Groupe anarchiste Emile-Henry (emile.henry@sympatico.ca)

Il paraît que c'est à cause de nous qu'on va mettre une clôture au milieu du quartier et 5 000 flics autour. Vous comprendrez que, dans ce contexte, on aurait deux ou trois choses à vous dire. Nous sommes des anarchistes de Québec: comme vous, nous vivons et travaillons au centre-ville, qui dans Saint-Jean-Baptiste, qui dans Saint-Roch, qui dans Saint-Sauveur.

Même si nous n'avons pas collectivement déterminé de ligne tactique particulière pour le Sommet (voir l'autre texte), depuis quelques mois, on n'a de cesse, dans les journaux et à la télévision, de vous mettre en garde contre nous.

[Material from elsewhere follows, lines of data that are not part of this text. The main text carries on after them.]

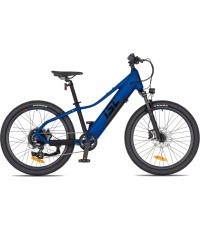 Bērnu elektriskais velosipēds inSPORTline ISL Savager 360 Wh 24” – 2026 - Racer zila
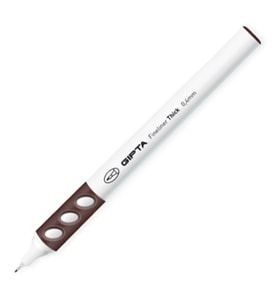 GIPTA FINELINER THICK 04 MM YUVARLAK GÖVDE KOYU KAHVE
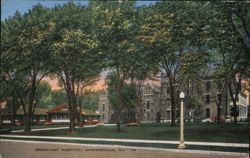Passavant Hospital, Jacksonville, Illinois Postcard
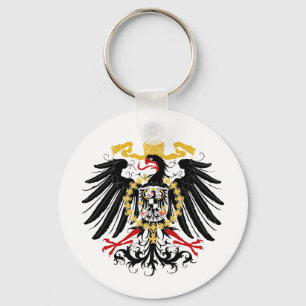Llavero Negro rojo prusiano y oro de Eagle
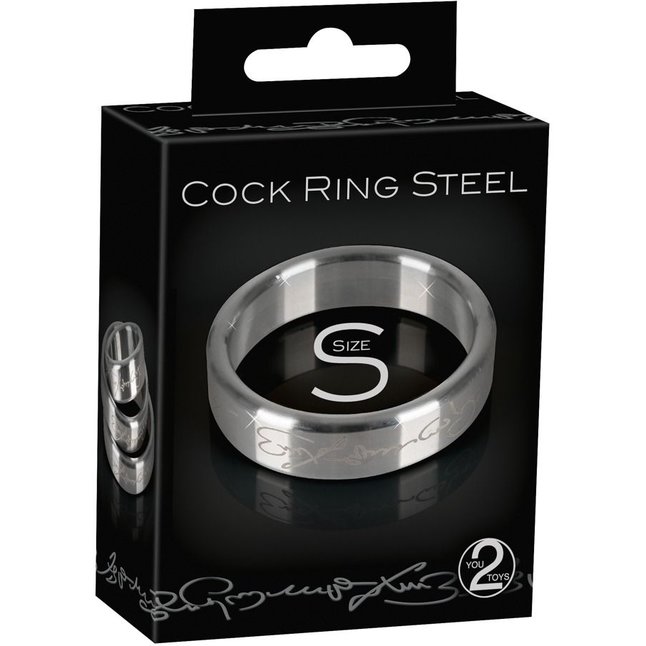 Эрекционное кольцо из стали Cock Ring Steel S - You2Toys. Фотография 2.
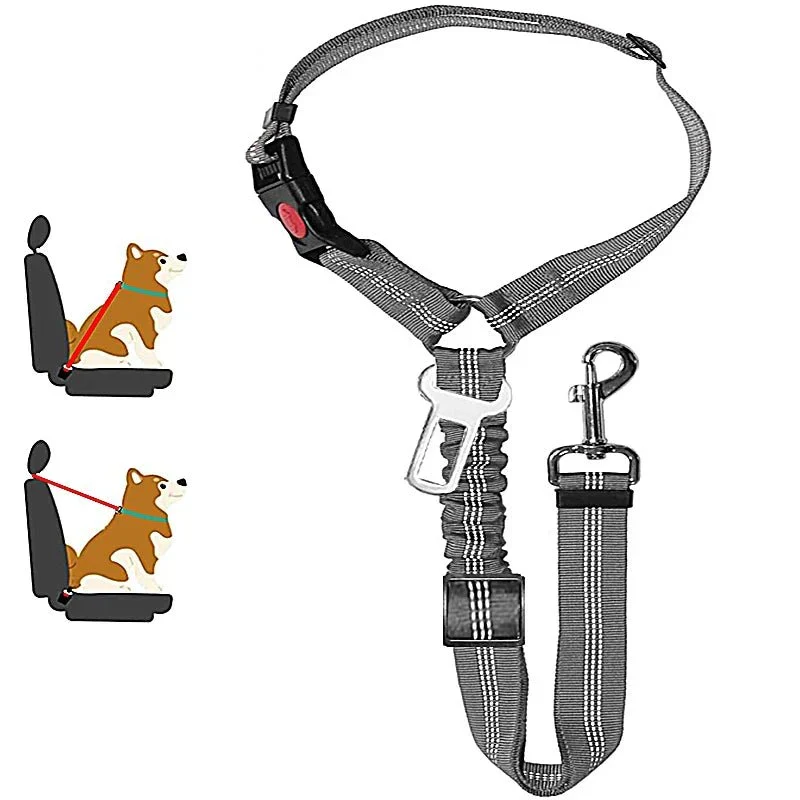Ceinture Sécurité 3-en-1 Voiture Gros Chien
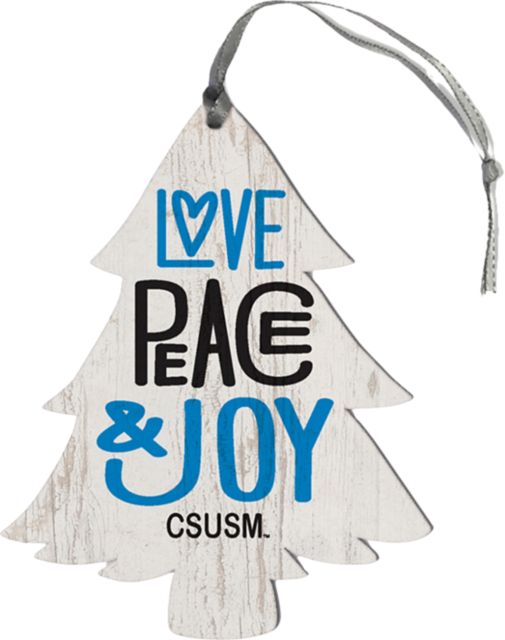 California State University San Marcos Tree Ornament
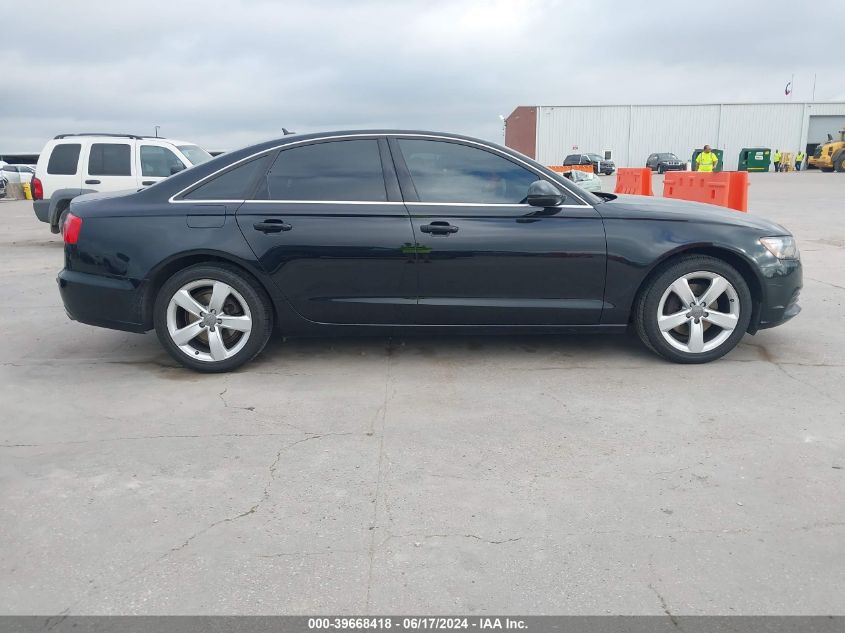 2012 Audi A6 2.0T Premium VIN: WAUDFAFC5CN116645 Lot: 39668418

Certains, ne sachant pas qui nous étions --on cache bien notre jeu-- et s'imaginant sans doute qu'un anarchiste ça a nécessairement l'écume aux lèvres et le regard fou, nous ont mis en garde contre nous-mêmes...

Sur les mesures de sécurité

À notre avis, si les élites économiques et politiques ont effectivement été traumatisées par les événements de la rencontre de l'OMC à Seattle, ce n'est pas pour éviter un "Seattle" à Québec que la police met le paquet sur la sécurité du Sommet des Amériques. De un, les affrontements de Seattle ont été provoqués par une anti-émeute qui avait carrément pété les plombs parce qu'elle était incapable de déloger 4 à 5 000 militantEs non-violentEs qui bloquaient le centre-ville avec l'appui de 50 à 70 000 syndicalistes (les attaques contre les vitrines de certaines multinationales ciblées ont commencé plusieurs heures après le début de l'offensive policière). De deux, c'est en empêchant les gens de manifester et en leur opposant une anti-émeute massive et crinquée qu'on risque de provoquer un "Seattle à Québec".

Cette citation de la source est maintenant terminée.